Les aventures du Prince Rama
théâtre musical et dansé de Bali

1 DVD Accords Croisés (2008) + 1 CD
AC 123 24
théâtre musical et dansé de Bali

Neuf mois de travail ont été nécessaires pour mener à son terme une belle aventure artistique et humaine : à Bali, dans le village montagnard de Talepud, la troupe Semara Ulangun rêve d'une tournée à l'étranger, pour y rencontrer les habitants du reste du monde ; à Lyon, en juillet 2007, le Festival des Nuits de Fourvière lui propose d'investir son grand théâtre romain. Spécialiste de Bali, l'artiste-ethnomusicologue Kati Basser est chargée de concocter un spectacle sur mesure, une forme artistique presque entièrement nouvelle sortie du folklore touristique habituel mais contenant une grande part d'éléments traditionnels. Le souci d'échapper aux poncifs conduit à rechercher des éléments peu connus du Ramanaya illustrant des dilemmes éthiques – le choix entre la patrie et l'idéal moral, pour le géant Wibisana – et la mise en valeur de l'idée de karma – par exemple, la fleur de lotus (padma) que dessinent les corps des guerriers du combat final (Kècak).
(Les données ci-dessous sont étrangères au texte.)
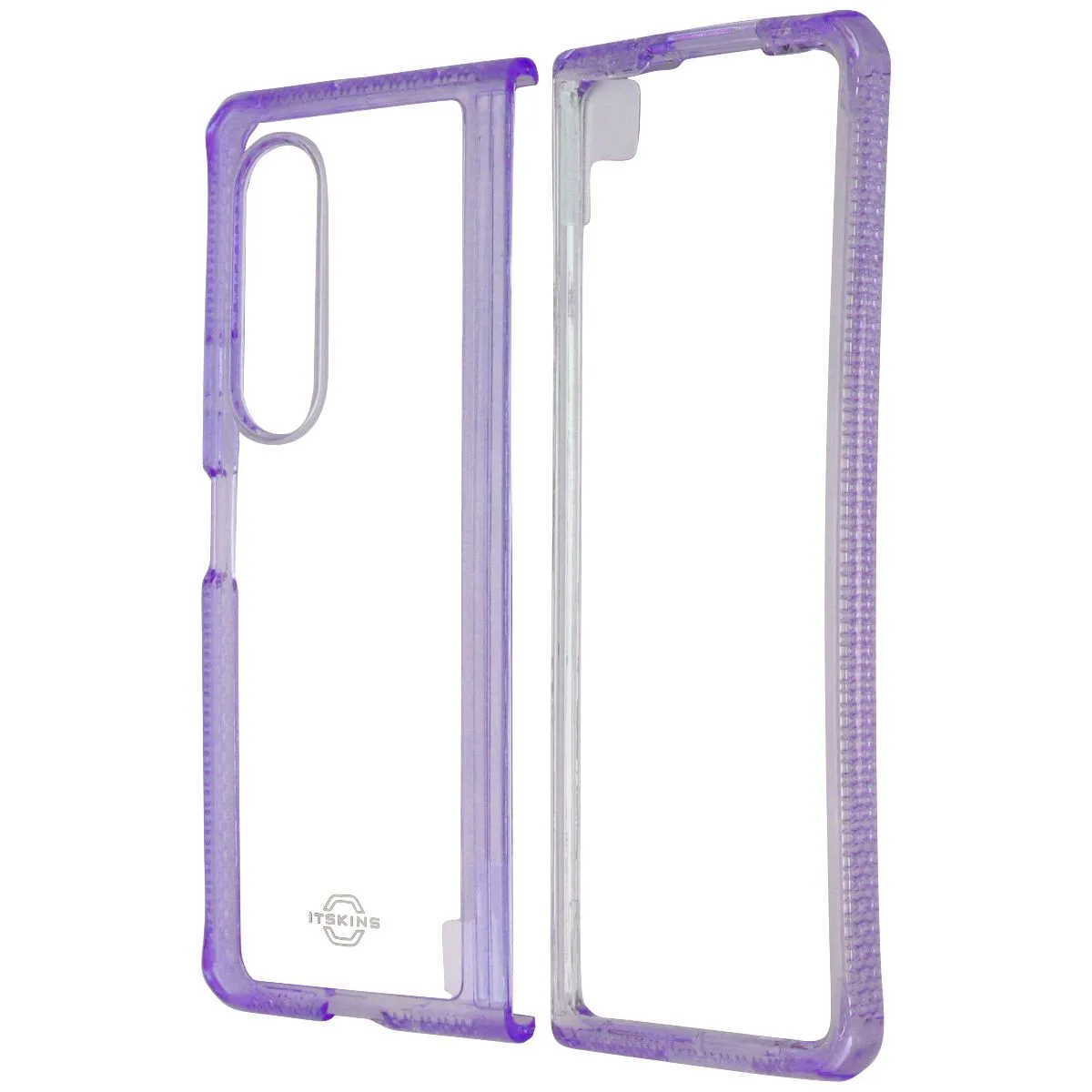 Light Design Rugged Feel ITSKINS Hybrid R // Clear Case for Samsung Galaxy Z Fold3 5G - Lavender/Clear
L'histoire se résume ainsi : à la suite d'un problème de succession au trône, le prince Rama – incarnation du dieu Vishnou (Wisnu) – s'exile en forêt avec son épouse Sita et son demi-frère Laksama-na. Il s'opposera bientôt à Dasamuka, roi des ogres géants raksasa qui va berner le singe-ermite Subali pour lui soutirer son pouvoir d'invulnérabilité avant d'enlever Sita. L'armée des singes se lève alors pour attaquer l'île d'Alengka et délivrer la captive.
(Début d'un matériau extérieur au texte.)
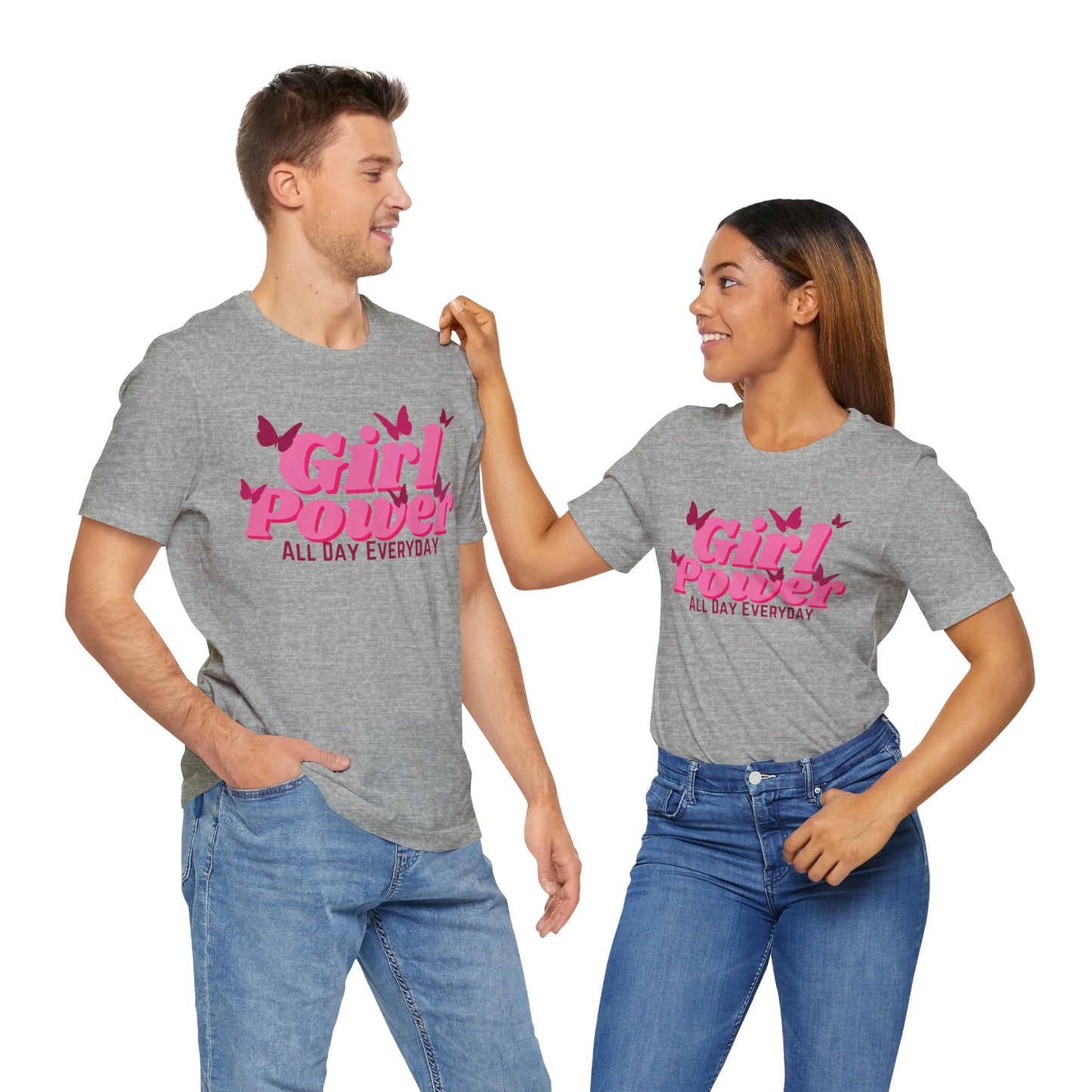 Girl Power All Day Everyday Unisex Jersey Short Sleeve Tee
C'est le jeune conteur (dalang) Ketut Sariana qui, en retrait devant son micro, prête une voix différente à chacun des personnages et semble les diriger en direct, comme s'ils étaient des marionnettes. Ses interventions sont riches et variées : cris, onomatopées, râles gutturaux, langues anciennes avec les intonations de divers modes poétiques, etc.

Sur scène également, une cinquantaine d'hommes se partagent la danse masquée et les percussions : gongs, carillons, métallophones à lames, tambours, etc. mais surtout un gamelan heptatonique (version moderne unique de l'ancien gamelan de cour Semar Pagulingan saih pitu, inconnue hors de leur village). Contrairement à la coutume, les musiciens sont parfois intégrés à l'action, interprétant des chants classiques ou populaires ou une œuvre originale pour chopes de bambou. Associé à des lumières variées, le contraste des atmosphères sonores permet de toucher plus facilement un public néophyte. Outre des documentaires filmés et un livret instructif, un disque complète ce coffret (mantras, musique processionnelle, de danse, etc.), offrant de retrouver l'ambiance d'un spectacle passionnant et enchanteur.